Anyhow the concept of "cores" is useless when looking over processors. Modern day processors have multitudes of processing resources with miniature dedicated processors dedicated to managing those resources. This is why we don't have 32 integer units on a CPU, it would be nearly impossible to track and schedule it efficiently unless you had 32 separate non-dependent integer threads going on. This doesn't even touch SIMD / FPU instructions and memory operations.

Nice to know some people actually know something about bulldozer's design. Most people seem to just spew random garbage they collected from bits of information they don't understand.

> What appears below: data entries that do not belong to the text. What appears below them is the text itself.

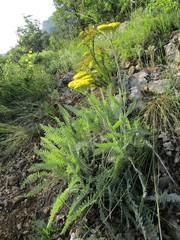 Achillea clypeolata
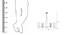 Sasha Chandelier (Chrome) by Urban Ladder - - 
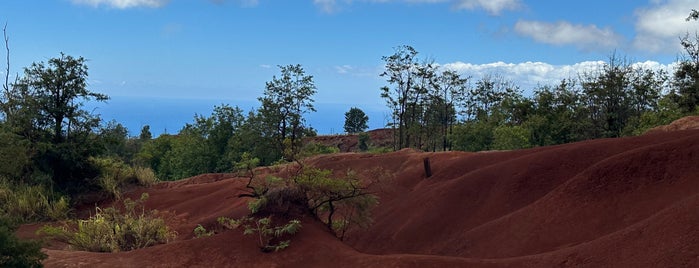 Red Dirt Falls is one of Kauai.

The worst are the people who don't know the difference between the module and SMT and calls the FX 81XX 4 cores. Makes no sense even by the benchmark numbers.

One thing I never got is why they have such a small L1 when the L2 is so bad.

$hawn · Feb 17, 2012

One thing I never got is why they have such a small L1 when the L2 is so bad.

seriously, me too

g4114rd0 · Feb 17, 2012

...A leaked slide reveals AMD is preparing to release three new Zambezi based FX CPUs with 95W TDP - FX-8140, FX-6120 and FX-4150.".

http://vr-zone.com/articles/amd-to-release-three-new-fx-cpus-in-q1/14926.html

g4114rd0 · Feb 17, 2012

Feature highlights of the AMD Catalyst™ 12.2 pre-certified driver...(out of topic).

http://blogs.amd.com/play/2012/02/16/amd-catalyst%E2%84%A2-12-2-pre-certified-driver-whats-new/

fazers_on_stun · Feb 17, 2012

Your spewing tons of BS about "effective" Integer cores (WTF is effective supports to mean, is that a concept you created in your own head with next to no engineering experience). Four pipelines per core meaning eight per module, far more then two.

You also fail to understand how instruction queing and decoding work. That's an entire book in and of itself and far beyond the scope of this discussion. Safe to say, your horribly wrong if you think that four schedulers couldn't keep two integer cores and two 128-bit FPU's busy as part of a superscaler design. Eventually your realize there are internal schedulers to each core, and then your going to ponder what those schedulers are for and the difference between the ones outside and the ones inside.

Hmm, I used to think that you were one of the more knowledgeable and reasonable posters here, but this post in particular, and your recent responses to others in general, have pretty much destroyed that perception. You seem more interested in your own bloated ego and protecting your "Internet credibility" than in discussing the issues.

I provided links to an S/A article that countered your position that BD's problems were mostly confined to cache. Either point out how S/A was wrong or don't bother responding. Attacking a poster rather than countering his or her argument is not acceptable under the TOS here.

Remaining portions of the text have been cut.